That's some boast. It's also some email. You might want to skip the words and look at the photo at the bottom. That's the real meat of the update.
INITIAL PREAMBLE: "I am emailing you again after the success of the last time when I sent you some
Asian softcore pornography disguised as an advertisement for a shit MP3 player or something (I've forgotten and can't be arsed finding the link). Enclosed in this email are pictures of other things that are very close to all of our hearts - an old, dusty remote, the batteries contained within said old, dusty remote and the BEST GADGET WITH A FACE EVER (if I do say so myself)."
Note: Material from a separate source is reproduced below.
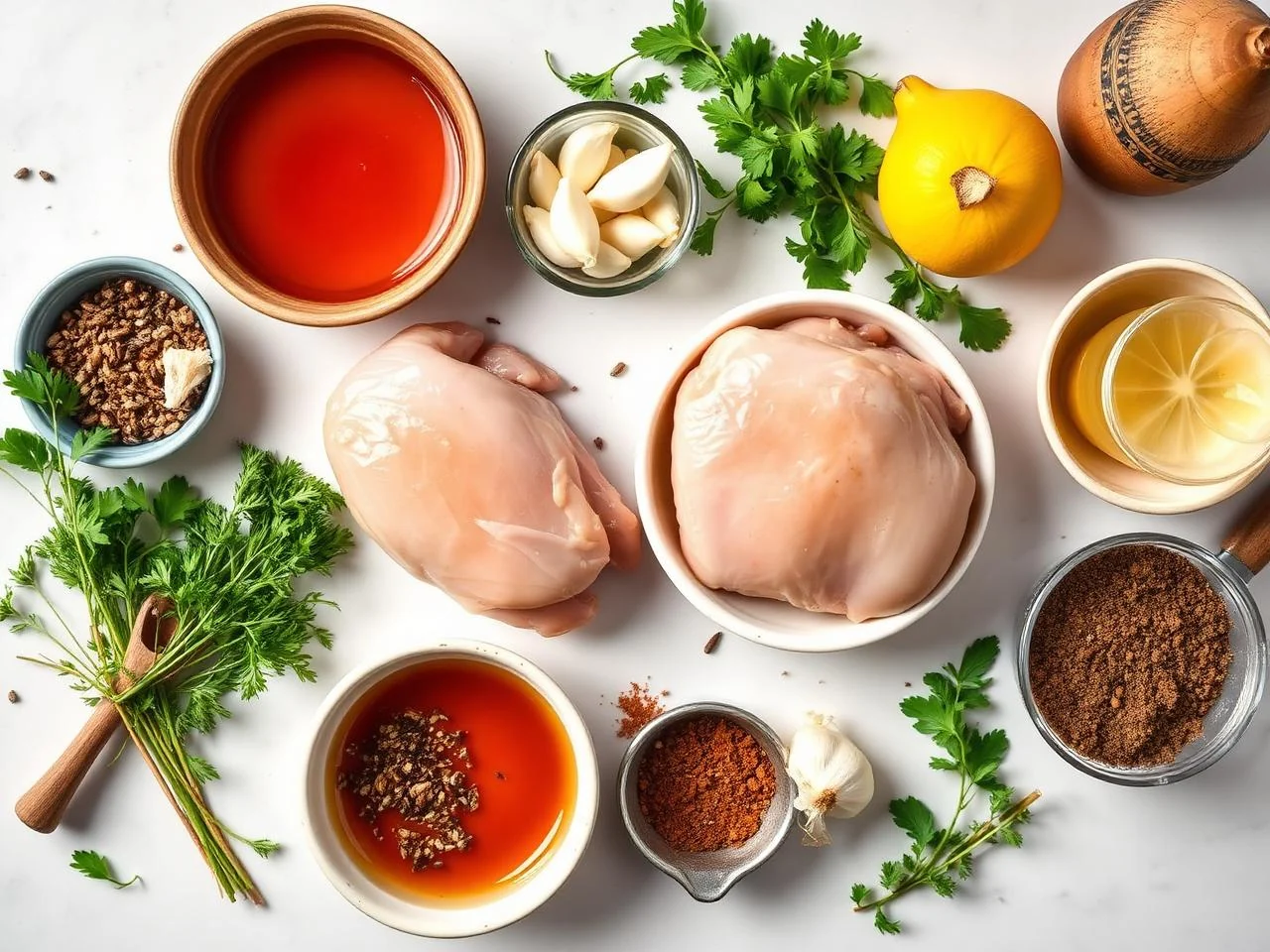 Ingredients for Baked Chicken Thighs With Honey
"As all seven readers of Idiot Toys can attest to, if you find a remote control - you need to rip off it's flimsy plastic cover to reveal it's innards. I can't remember if you've ever featured these "Maxell Super Hi-Watt" batteries before, but they ring a bell. Maybe they aren't very rare and I've just seen them in other stuff before. No matter! I took a picture anyway using macro mode combined with the light on my k750i, which is surprisingly good as a camera. These are in the highest resolution the k750i can muster: a mighty TWO megapixels. I left one battery "in situ". You can see one of my fingers and a thumb, but I'm not female so don't start wanking over them, please."
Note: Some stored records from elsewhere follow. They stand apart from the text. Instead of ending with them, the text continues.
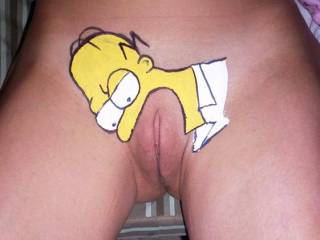 Hope you like the Simpsons. You don't want to know but Mr.D fucked his mouth.HAHAAH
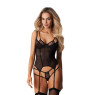 Корсет Obsessive Arrowel Black corset L/XL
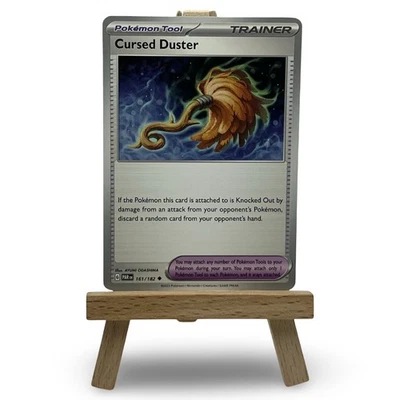 Pokemon Cursed Duster 161/182 Paldean Fates - Trainer Tool - Image 1 of 2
"I found the remote in the studio where I do a weekly radio show (I won't give you a link because nobody will care). I was stuck in the studio after my show had ended because the layabout student due to come in after me never fucking showed up, so I couldn't leave. I soon started going through the mountains of crap that are scattered around the studio and found the "TASCAM RC-RW700 REMOTE CONTROL UNIT". The remote is fairly uninteresting, but seems pretty old and dusty. We have no need for remote controls in radio studios as we just press the actual buttons on the CD players, therefore I doubt this has even been used! A mint condition TASCAM is a rare find indeed."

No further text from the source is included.